If your business model requires you to churn though developers who will never stick around, don't expect your project to work. The good ones will great ones will leave and the good ones will never come.

Re:Missed it by *that* much

[Pseudonym]

No, I know both languages fairly well, I know they're almost incomparable and am constantly annoyed by people who assert that C++ is just C with a few bits added.

It's a little-known fact, for example, that C++ has rules which say that the compiler can assume that two pointers aren't aliased under certain circumstances, where C compilers can't make that assumption because of C's weaker type system. Pointer aliasing is one of those issues that can prevent the compiler from generating SIMD or vector instructions.

Re:Missed it by *that* much

[x2A]

"am constantly annoyed by people who assert that C++ is just C with a few bits added"

No one was asserting such a thing here. The poster was talking about "general purpose C/C++ code" which is as perfectly valid as, for example, someone talking about website scripting in perl/php, also two completely different languages, but with overlap of what they can be used for, and it's that overlap that's referenced as the subject. However different they can be, C/C++ have undeniable massive overlap. Grouping and generalising are perfectly valid legal communicating constructs completely necessary in the conveying of ideas. Complaining that differences between elements within a generalisation are omitted, when the differences fall outside the context of what is being discussed, is basically just waving a big "missed the point" flag, which happens... but it doesn't have to be accompanied by abrasion.

Re:Missed it by *that* much

[chrysrobyn]

You always have to pick your priorities. Choosing maintainability is good for bug hunting and repair. Beyond that, you can choose speed, disk space, memory footprint, or any number of other factors. Where I work, maintainability is very important, so we use Perl. A whole lot of what I do would be an order of magnitude faster if it was done in C, but not everybody here knows C (and we're not a software shop, so that's not a job requirement).

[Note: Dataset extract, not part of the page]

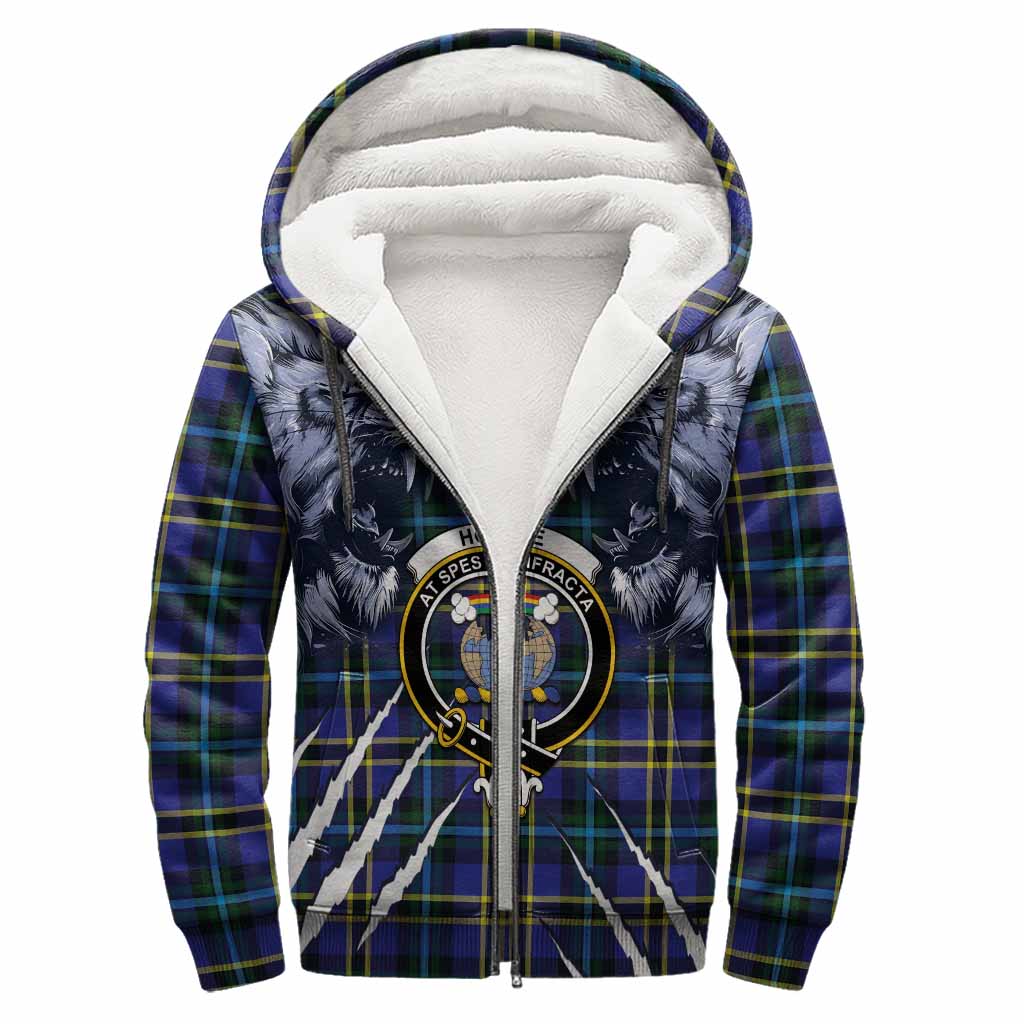 Hope Tartan Crest Sherpa Hoodie Ferocious Lion Style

Heck, even in Perl, there are dozens of ways to do things, and there are even different ways to write the same exact algorithm with the same readability but one is faster than the other due to how it's interpreted.

There are situations where maintainability is less important than other priorities, but it's clear that slow, easy to read (and debug and fix) has its place in the market.

An architecture named after a Get Smart character?

[Eternal+Vigilance]

Bet they've got some serious CONTROL structures to keep things from getting too KAOTIC....

"Would you believe a GOTO statement and a couple of flags?"

Had a flashback there.

[palegray.net]

The story title conjured up images of the boxes of ISA cards I've still got sitting around. Ah, the joys of setting IRQs... good times.

Re:Had a flashback there.

[4181]

It's probably worth noting that although the actual article uses neither the acronym nor its expansion, ISA in the story title refers to Instruction Set Architecture. (My first thoughts were of ISA cards as well.)

Re:Had a flashback there.

[palegray.net]

Yeah, I just got weird mental images of ISA cards jutting out of modern-day motherboards. It was disturbing.

Re:Had a flashback there.

So if this turns out to be good, will everyone jump on to the ISA bus?

Re:Had a flashback there.

I still remember the good old Sound Blaster 16

Port 220
IRQ 5
DMA 1
DMA(hi) 5

Re:Had a flashback there.

[fuzzyfuzzyfungus]

Didn't you hear? As of PCIE 3.1, compliant PCIE controllers will support detection, pin remapping, and an entire emulated 8086, allowing valuable legacy 8-bit ISA cards to remain in use!

Re:An architecture named after a Get Smart charact

[MichaelSmith]

Bet they've got some serious CONTROL structures to keep things from getting too KAOTIC.... "Would you believe a GOTO statement and a couple of flags?"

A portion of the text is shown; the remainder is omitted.